# Muncie tranny oil slinger and counter gear



## 2ocnorb (Oct 21, 2016)

I’m rebuilding a ‘65 Muncie M20 4-speed for my ‘65 GTO. I have two issues that I have run into and need answered. 1) when I disassembled the transmission, there was no oil slinger on the input shaft. I am going to add a new one, solid style, when rebuilding. Does anyone know which orientation the slinger goes onto the input shaft? The slinger is cup shaped, and I don’t know which face is supposed to be against the gear. Does the outer flat face go against the gear, or does the inner flat face go against the gear?
2) the tranny is a ‘65 M20 with 7/8” counter gear shaft. There are 4 rows of 20 needles on the counter shaft I.d.: two rows on each end of the solid (not split) spacer tube. The rebuild kit I bought came with (6) shims. I read in Paul Cangialosi’s Muncie rebuild book that if the spacer was solid, to only use 4 shims; and that none go against the spacer tube. So the order would be: shim, needles, shim, needles, spacer tube, needles, shim, needles, shim. When I build it this way, the end shims are not flush with the ends of the cluster gear, but rather indented slightly. I’d like to make sure this is correct before assembling the transmission complete.
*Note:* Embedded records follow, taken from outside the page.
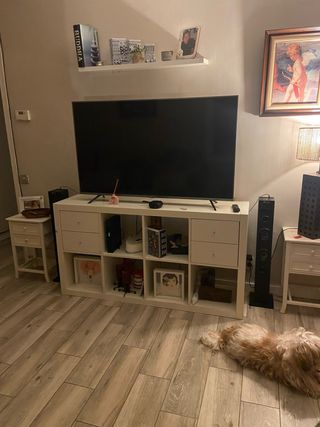 Mueble Ikea y televisión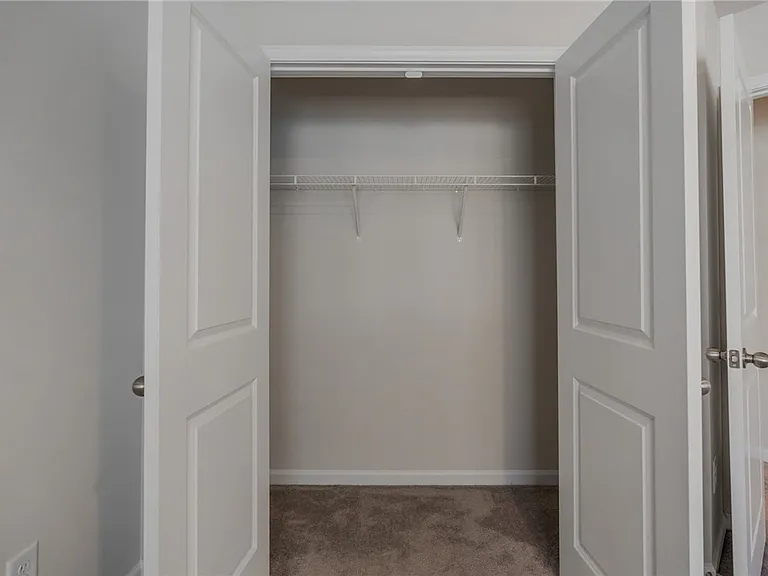 14 Loebner Ln — Photo 34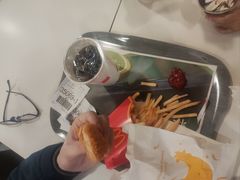 -麦当劳(衡阳中心汽车站店)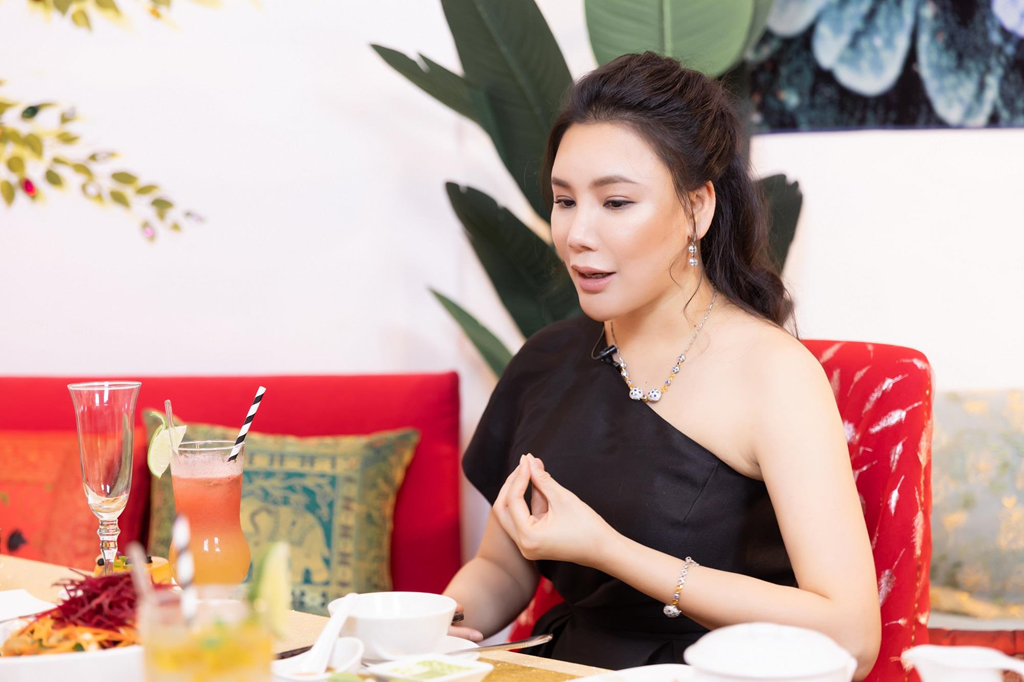 Hồ Quỳnh Hương: Tôi chảnh, rất lụy tình và tiêu tiền không cần đếm!-3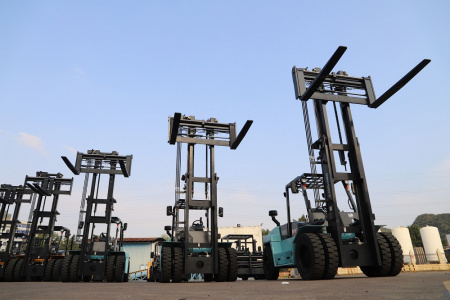 Дизельный автопогрузчик 10 тонн LiuGong CLG2100H | Высота подъема 3м детальное фото - Spec-Trucks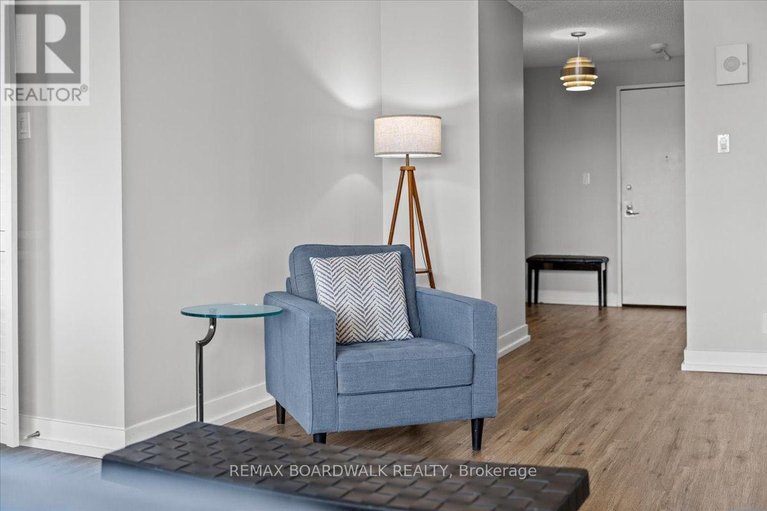 29565539/804-505-st-laurent-boulevard/viscount-alexander-park/ottawa/ontario/K1K3X4_17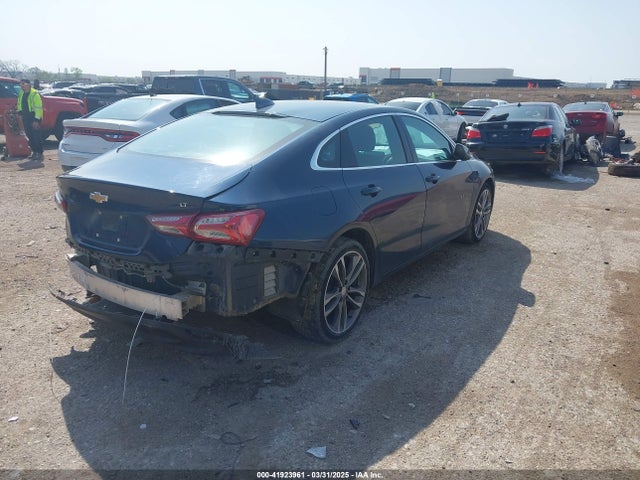 1G1ZD5ST0MF024116 Chevrolet Malibu Fwd Lt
Does anyone know if I should keep it this way, or add the two remaining shims? If I should use all 6 shims, what is the order? Do I go ahead and place one shim against each end of the spacer tube before installing the first row of needles, or do I double-up the shims in between the two rows of needles? 
Any help on these two issues would be greatly appreciated!!


----------